You just need to add the following config to your repo:

# .github/workflows/ci.yml
name: CI

on: [pull_request]

jobs:
  StyLua:
    runs-on: ubuntu-latest
    steps:
    - uses: actions/checkout@v4
    - name: Install asdf & tools
      uses: asdf-vm/actions/install@v2
    - name: Run StyLua
      run: stylua --check .

So simple!

Now to the Neovim tests

For the Neovim tests I looked around for examples in other plugins. What I found where different ways of downloading Neovim manually and making sure the Github Actions runner has its executable in its PATH. E.g.

mkdir -p /tmp/nvim
wget -q https://github.com/neovim/neovim/releases/download/nightly/nvim.appimage -O /tmp/nvim/nvim.appimage
cd /tmp/nvim
chmod a+x ./nvim.appimage
./nvim.appimage --appimage-extract
echo "/tmp/nvim/squashfs-root/usr/bin/" >> $GITHUB_PATH

I was about to do just the same when I thought about the approach I took for the StyLua job. Compared to what I was doing in the StyLua step this seemed a bit complicated to me, so I thought this could be done a bit easier with asdf :)

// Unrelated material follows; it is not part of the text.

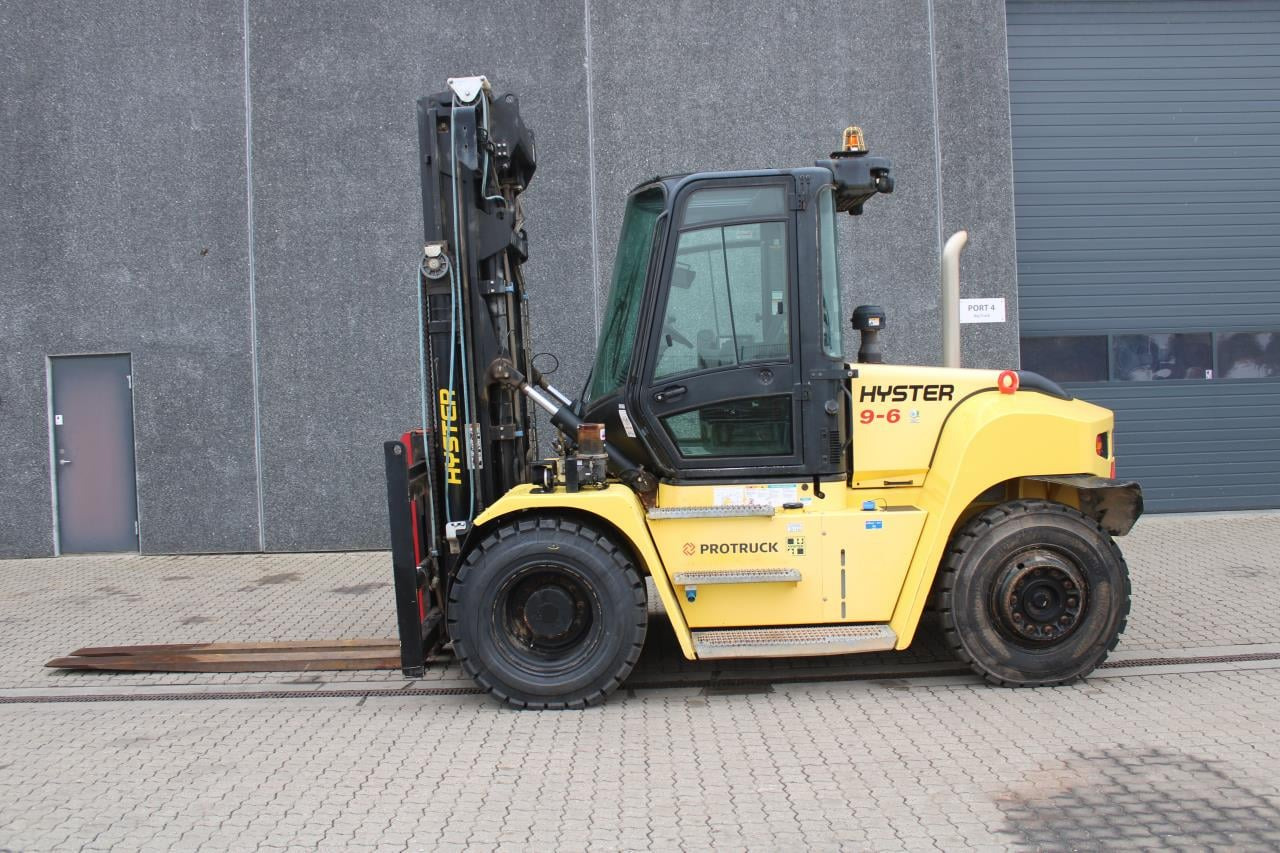 Hyster H9.00XM-6 - رافعة شوكية ديزل: صورة 1 Hyster H9.00XM-6 - رافعة شوكية ديزل: صورة 1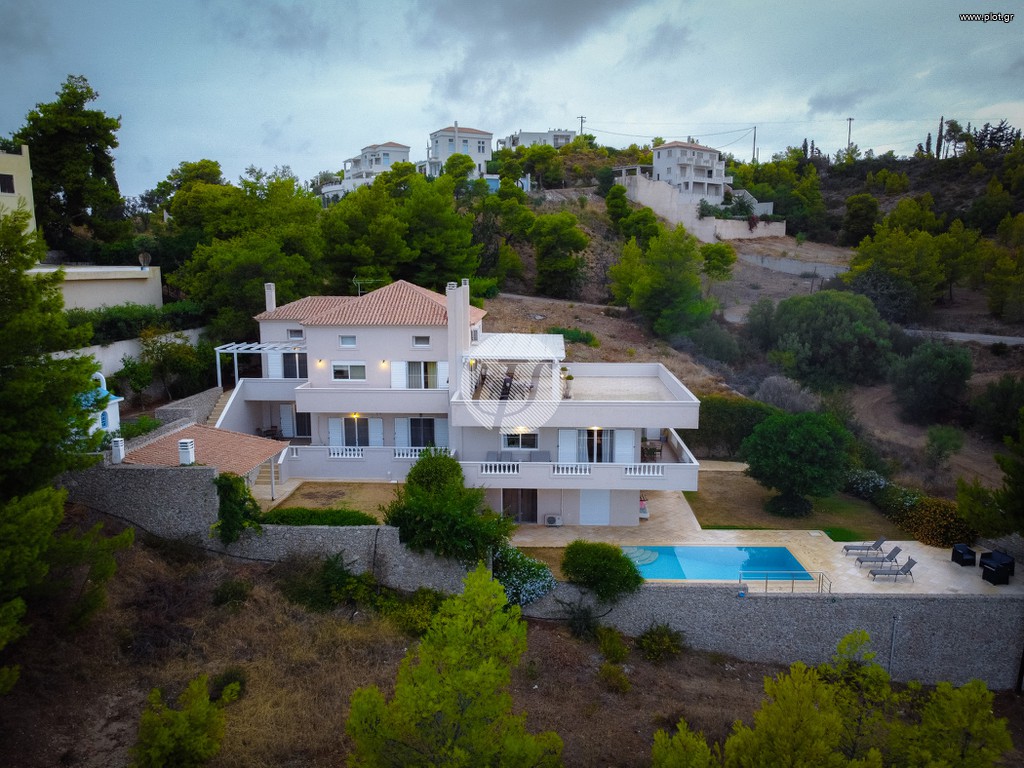 Βίλλα 440 τ.μ. προς πώληση, Άγιος Αιμιλιανός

With a .tool-versions file setup:

neovim 0.9.4

You just need this:

name: CI

on: [pull_request]

jobs:
  Tests:
    runs-on: ubuntu-latest
    steps:
    - uses: actions/checkout@v4
    - name: Install asdf & tools
      uses: asdf-vm/actions/install@v2
    - name: Run tests
      run: ./tests/run.sh # Or however you run the tests ...

Matrix testing

When you develop a plugin you want to make sure it runs with different versions of your runtime. It turns out that asdf is a really good tool for this as well and its Github Action has support for this:

name: CI

on: [pull_request]

jobs:
  Tests:
    runs-on: ubuntu-latest
    strategy:
      matrix:
        include:
          # For all versions see https://github.com/neovim/neovim/tags
          - neovim: 0.8.3
          - neovim: 0.9.4
          - neovim: nightly
    name: "Test with Neovim ${{ matrix.neovim }}"
    steps:
    - uses: actions/checkout@v4
    - name: Install asdf & tools
      uses: asdf-vm/actions/install@v2
      with:
        tool_versions: |
          neovim ${{ matrix.neovim }}
    - name: Run tests
      run: |
        nvim --version
        ./tests/run.sh

Conclusion

I’m really happy how easy and clean the setup for all of this turned out in the end.